• Dataset content
###

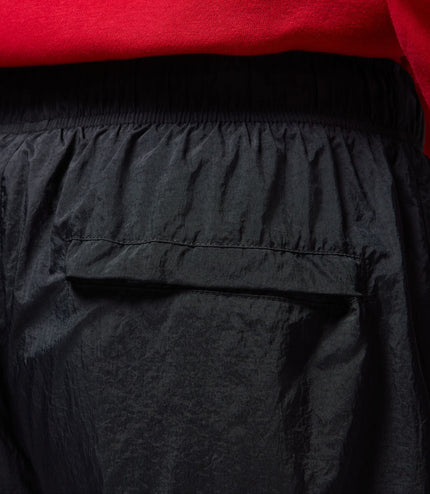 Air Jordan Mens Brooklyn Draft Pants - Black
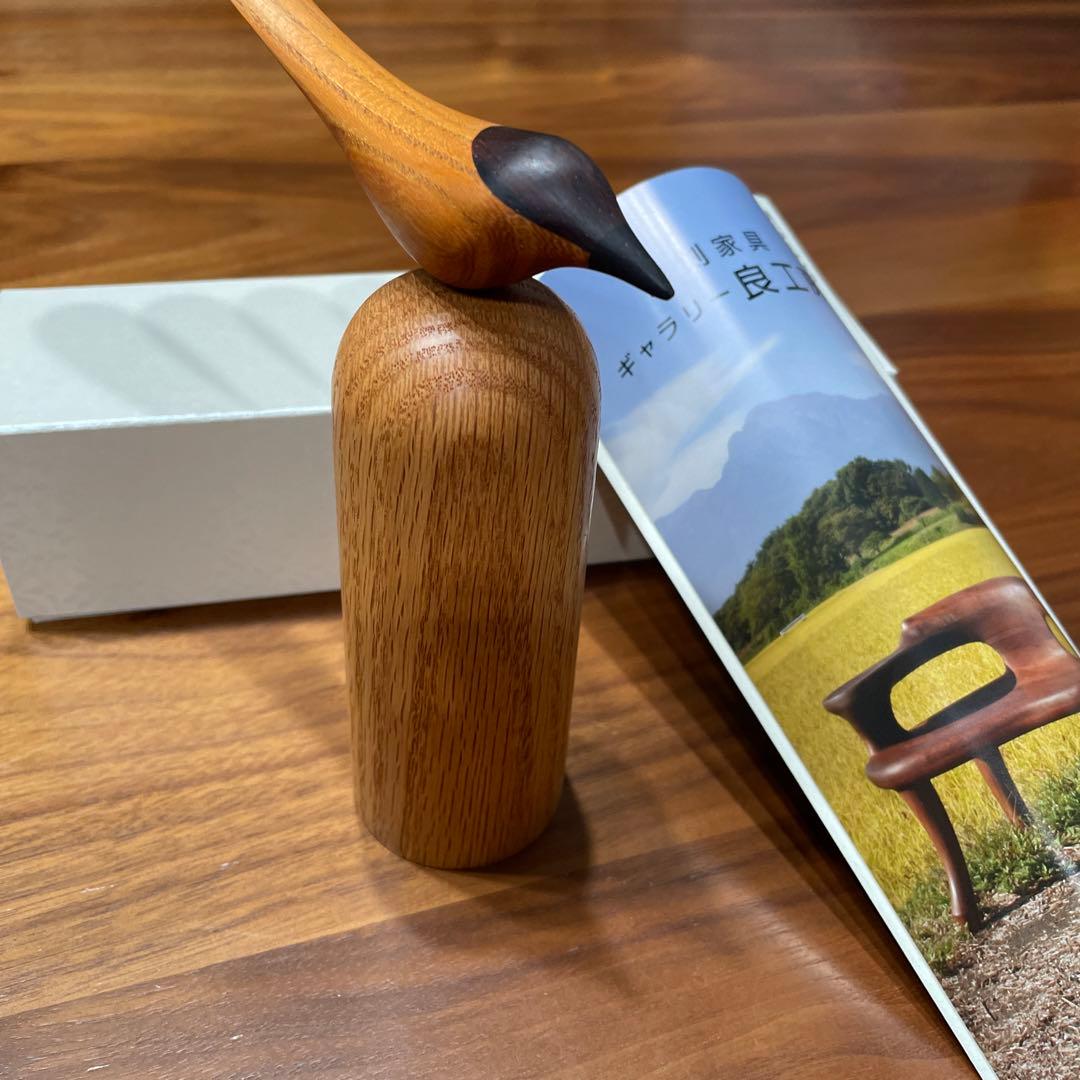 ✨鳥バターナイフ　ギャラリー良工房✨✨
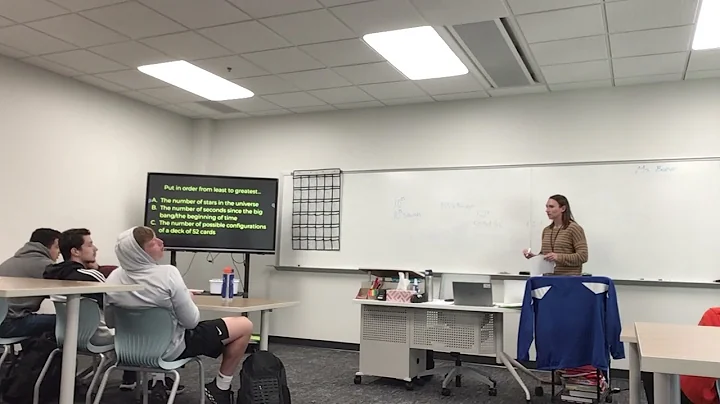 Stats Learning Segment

###

• Problem to work on
Restate the listing word for word. Pictures do not belong in the copy.

• Answer to this task
 Air Jordan Mens Brooklyn Draft Pants - Black
 ✨鳥バターナイフ　ギャラリー良工房✨✨
 Stats Learning Segment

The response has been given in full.